Today’s big gala addition to the site, intended to help you while away the hours at home, will be linked at the bottom of the page. It’s not the final version of the site, but I had to get it up. One of those things no one else is going to do.

I suppose a lot of this site consists of things no one else will do, and for good reason.

Daughter at the moment is on a conference call with college chums, part of a film organization. Interesting how the video-phone-call generation was averse to the medium until now. Perhaps - just, perhaps - they just didn’t want to talk to the grups. I understand. I hate the things, myself; when we saw our future with people chatting into video phones, we never considered what a chore it would be. We also didn’t expect our children would be using it to discuss a global pandemic.

We thought it possible, but we didn’t really expect it.

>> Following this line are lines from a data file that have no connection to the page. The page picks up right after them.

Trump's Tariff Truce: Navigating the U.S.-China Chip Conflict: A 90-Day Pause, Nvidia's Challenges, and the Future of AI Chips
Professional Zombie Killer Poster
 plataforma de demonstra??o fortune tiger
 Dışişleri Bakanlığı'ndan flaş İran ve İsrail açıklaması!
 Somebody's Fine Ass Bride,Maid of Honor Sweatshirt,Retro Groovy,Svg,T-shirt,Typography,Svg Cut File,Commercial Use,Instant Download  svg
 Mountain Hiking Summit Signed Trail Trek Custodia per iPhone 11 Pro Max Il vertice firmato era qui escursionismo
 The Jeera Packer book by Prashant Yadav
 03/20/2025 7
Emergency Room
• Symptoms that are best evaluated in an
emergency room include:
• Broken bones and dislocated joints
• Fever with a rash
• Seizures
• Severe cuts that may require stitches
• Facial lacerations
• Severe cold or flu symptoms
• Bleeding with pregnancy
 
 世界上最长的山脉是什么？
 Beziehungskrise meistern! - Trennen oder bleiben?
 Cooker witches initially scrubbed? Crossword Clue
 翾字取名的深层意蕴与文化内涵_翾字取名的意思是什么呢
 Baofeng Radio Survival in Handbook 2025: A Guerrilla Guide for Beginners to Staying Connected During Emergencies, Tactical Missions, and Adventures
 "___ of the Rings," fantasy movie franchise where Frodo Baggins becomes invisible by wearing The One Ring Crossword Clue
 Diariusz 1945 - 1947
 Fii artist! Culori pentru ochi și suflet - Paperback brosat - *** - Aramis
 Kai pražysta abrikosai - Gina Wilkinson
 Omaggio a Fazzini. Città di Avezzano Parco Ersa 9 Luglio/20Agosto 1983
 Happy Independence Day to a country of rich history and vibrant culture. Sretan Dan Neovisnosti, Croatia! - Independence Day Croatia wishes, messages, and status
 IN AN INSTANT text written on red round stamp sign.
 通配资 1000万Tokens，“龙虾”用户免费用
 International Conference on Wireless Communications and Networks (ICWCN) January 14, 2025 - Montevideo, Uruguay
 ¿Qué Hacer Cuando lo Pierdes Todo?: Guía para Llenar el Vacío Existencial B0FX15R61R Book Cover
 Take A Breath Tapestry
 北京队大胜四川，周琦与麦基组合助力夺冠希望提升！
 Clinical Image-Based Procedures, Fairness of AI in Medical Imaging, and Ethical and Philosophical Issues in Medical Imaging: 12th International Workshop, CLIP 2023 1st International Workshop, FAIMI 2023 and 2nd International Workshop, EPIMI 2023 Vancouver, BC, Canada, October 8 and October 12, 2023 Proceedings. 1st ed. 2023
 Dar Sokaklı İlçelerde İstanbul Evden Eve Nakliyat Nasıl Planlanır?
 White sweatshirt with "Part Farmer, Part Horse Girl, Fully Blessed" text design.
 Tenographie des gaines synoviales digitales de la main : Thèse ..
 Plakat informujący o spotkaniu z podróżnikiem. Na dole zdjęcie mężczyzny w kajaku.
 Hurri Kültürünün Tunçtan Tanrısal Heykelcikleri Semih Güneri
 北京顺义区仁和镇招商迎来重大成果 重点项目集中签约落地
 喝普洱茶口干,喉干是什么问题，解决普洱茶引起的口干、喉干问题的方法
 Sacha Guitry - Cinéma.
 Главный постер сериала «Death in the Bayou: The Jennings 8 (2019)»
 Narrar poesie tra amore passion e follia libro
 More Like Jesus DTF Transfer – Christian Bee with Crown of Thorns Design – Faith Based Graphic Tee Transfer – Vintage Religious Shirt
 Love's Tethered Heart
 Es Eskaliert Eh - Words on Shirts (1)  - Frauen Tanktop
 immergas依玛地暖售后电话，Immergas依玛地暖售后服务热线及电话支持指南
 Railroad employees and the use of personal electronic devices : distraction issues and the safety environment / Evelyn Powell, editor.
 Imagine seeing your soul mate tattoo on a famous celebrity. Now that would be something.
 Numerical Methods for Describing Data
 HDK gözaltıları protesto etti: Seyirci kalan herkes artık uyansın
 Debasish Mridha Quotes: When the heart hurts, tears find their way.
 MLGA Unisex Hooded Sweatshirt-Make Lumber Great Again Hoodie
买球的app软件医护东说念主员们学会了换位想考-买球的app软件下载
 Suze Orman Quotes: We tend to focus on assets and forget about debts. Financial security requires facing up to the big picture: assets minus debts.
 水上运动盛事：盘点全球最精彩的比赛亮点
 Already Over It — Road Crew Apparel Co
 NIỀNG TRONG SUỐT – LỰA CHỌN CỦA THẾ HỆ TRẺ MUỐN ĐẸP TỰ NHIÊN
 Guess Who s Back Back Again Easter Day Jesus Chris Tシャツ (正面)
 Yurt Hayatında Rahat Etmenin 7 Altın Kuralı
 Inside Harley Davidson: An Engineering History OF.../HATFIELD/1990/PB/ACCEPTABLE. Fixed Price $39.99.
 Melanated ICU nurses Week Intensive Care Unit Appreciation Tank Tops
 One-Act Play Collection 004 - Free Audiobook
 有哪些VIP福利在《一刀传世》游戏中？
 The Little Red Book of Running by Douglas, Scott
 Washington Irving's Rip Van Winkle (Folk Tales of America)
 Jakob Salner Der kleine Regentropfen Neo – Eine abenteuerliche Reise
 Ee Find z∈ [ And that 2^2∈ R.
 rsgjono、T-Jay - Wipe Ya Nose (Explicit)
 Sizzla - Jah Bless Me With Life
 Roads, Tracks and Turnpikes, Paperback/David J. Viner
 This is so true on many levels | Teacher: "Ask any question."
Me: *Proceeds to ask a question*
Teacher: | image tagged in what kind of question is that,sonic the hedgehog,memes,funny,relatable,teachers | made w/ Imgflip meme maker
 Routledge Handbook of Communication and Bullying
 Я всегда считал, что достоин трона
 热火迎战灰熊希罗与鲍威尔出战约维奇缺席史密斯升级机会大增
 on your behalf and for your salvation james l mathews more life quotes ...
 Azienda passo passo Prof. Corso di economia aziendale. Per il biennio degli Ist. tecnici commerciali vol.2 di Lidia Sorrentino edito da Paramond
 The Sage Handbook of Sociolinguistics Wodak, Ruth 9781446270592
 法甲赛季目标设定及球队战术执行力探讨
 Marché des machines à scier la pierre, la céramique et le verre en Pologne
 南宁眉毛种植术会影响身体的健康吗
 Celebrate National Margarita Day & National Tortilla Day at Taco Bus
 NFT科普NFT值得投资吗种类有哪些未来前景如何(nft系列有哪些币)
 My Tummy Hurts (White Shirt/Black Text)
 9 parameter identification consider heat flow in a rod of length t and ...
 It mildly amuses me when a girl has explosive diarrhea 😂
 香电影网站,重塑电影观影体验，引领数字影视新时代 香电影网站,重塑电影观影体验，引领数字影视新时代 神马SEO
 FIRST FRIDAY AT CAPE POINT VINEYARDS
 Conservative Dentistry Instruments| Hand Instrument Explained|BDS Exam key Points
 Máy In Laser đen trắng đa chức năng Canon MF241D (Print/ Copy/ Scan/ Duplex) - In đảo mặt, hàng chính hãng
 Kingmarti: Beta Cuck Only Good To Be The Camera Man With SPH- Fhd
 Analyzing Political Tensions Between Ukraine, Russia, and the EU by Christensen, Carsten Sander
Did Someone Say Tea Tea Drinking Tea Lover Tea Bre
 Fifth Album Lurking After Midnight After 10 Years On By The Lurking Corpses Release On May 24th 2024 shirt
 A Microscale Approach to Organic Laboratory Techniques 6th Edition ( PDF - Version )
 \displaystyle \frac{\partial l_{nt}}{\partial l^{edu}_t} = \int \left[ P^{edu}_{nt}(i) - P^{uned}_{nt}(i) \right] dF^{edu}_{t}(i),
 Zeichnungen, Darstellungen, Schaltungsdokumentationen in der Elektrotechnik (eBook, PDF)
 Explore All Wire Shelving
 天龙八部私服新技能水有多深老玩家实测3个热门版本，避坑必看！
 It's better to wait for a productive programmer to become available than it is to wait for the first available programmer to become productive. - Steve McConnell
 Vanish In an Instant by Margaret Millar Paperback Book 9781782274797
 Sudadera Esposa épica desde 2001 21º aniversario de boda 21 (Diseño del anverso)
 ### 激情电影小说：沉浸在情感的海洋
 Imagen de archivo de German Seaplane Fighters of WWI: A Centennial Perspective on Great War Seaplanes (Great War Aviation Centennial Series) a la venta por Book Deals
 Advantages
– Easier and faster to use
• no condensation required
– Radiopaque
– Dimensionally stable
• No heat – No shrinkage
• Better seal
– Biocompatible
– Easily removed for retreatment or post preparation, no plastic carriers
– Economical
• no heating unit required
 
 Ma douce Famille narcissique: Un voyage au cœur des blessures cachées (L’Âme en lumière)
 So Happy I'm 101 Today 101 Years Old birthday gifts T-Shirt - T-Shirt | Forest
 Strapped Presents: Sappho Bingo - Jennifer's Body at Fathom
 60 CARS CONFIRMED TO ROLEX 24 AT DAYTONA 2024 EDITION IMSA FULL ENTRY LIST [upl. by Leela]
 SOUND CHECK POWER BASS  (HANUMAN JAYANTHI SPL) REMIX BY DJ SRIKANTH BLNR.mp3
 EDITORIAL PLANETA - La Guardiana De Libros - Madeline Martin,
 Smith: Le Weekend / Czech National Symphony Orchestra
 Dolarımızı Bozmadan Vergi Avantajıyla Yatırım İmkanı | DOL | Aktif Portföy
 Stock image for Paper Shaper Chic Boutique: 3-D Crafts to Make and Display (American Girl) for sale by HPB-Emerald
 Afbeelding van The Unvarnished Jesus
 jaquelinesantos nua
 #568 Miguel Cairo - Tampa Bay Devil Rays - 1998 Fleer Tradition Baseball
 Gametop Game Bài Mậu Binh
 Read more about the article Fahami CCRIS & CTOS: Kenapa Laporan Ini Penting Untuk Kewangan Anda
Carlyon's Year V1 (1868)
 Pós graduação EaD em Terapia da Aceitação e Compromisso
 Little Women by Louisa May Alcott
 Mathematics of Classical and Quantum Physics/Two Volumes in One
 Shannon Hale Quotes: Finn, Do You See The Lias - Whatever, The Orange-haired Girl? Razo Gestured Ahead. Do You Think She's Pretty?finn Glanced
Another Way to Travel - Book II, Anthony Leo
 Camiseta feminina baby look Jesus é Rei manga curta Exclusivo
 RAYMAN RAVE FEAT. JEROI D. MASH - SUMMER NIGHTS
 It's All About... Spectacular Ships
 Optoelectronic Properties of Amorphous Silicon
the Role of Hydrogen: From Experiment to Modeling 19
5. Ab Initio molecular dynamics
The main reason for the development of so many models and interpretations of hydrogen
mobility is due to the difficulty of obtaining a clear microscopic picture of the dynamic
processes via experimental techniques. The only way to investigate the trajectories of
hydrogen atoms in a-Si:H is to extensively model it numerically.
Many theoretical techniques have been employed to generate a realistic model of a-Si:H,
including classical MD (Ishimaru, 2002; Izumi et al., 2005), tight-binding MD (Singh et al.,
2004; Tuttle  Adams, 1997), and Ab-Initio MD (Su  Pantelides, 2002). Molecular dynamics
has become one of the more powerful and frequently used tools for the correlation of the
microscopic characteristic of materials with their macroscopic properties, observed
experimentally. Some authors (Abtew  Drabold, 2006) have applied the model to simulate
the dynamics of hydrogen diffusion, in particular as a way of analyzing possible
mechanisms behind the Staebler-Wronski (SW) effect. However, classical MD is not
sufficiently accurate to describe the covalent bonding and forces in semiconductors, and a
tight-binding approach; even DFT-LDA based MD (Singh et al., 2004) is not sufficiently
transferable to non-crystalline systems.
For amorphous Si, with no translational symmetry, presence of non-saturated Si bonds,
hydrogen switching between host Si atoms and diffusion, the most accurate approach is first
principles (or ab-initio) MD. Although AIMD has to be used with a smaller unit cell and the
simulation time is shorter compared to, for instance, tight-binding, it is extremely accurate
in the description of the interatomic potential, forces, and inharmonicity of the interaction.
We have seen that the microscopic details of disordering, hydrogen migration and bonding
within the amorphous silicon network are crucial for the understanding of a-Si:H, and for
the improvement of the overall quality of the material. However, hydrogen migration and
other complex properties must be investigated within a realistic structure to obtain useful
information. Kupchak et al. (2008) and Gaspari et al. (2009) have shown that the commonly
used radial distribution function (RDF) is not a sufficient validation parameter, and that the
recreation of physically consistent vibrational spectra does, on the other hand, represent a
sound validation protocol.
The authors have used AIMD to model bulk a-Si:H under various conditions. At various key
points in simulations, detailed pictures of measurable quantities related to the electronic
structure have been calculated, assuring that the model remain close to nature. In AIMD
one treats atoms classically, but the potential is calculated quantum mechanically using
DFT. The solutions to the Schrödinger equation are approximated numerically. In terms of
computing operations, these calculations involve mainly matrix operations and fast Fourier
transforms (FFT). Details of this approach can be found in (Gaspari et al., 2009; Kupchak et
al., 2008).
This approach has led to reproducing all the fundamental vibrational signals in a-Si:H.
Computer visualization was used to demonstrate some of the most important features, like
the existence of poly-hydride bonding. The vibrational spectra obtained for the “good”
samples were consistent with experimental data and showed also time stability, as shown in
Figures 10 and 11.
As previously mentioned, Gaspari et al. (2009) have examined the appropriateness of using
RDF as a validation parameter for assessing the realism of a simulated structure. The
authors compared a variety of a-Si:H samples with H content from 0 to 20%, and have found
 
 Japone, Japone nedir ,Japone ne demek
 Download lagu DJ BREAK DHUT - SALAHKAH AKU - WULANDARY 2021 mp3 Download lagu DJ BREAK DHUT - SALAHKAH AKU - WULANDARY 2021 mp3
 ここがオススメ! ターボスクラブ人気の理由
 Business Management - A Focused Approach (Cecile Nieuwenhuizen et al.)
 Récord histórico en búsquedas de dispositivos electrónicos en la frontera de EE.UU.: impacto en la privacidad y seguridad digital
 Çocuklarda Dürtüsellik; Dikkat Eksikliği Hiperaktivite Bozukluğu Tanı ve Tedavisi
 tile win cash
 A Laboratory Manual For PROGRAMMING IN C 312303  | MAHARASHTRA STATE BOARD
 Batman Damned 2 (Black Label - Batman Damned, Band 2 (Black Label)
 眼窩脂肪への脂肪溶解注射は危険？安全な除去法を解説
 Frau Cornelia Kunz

But there she is, simultaneously talking with - get this - a friend in Norway, a friend in Brazil, and a friend in Taiwan. From the sound of it, the situations are similar, except mask usage in Taiwan is much higher, and Brazil is sorta kinda making it up as they go along. That could be a collegiate’s perspective. Norway is bearing up. They’re all bearing up.

Resilient crew, this generation. I wonder why. Supposedly they’re the snowflakes, but what if that’s just the greaseless wheels who infest the online world with their incessant squealing? What if the kids are alright?

NOTE: I HATE THAT PHRASE. It’s a cliche that’s been sitting on the hotplate since 19-fargin’-65. It hand-waves away any legitimate concerns and gathers a multitude into a platitude.

Anyway. She’s had her first year of college cut short, lost all the opportunities that required her presence, and left stuff sitting in an abandoned dorm that will probably end up being 12 stories worth of moldy coffee-cups abandoned at the last moment. And she’s okay.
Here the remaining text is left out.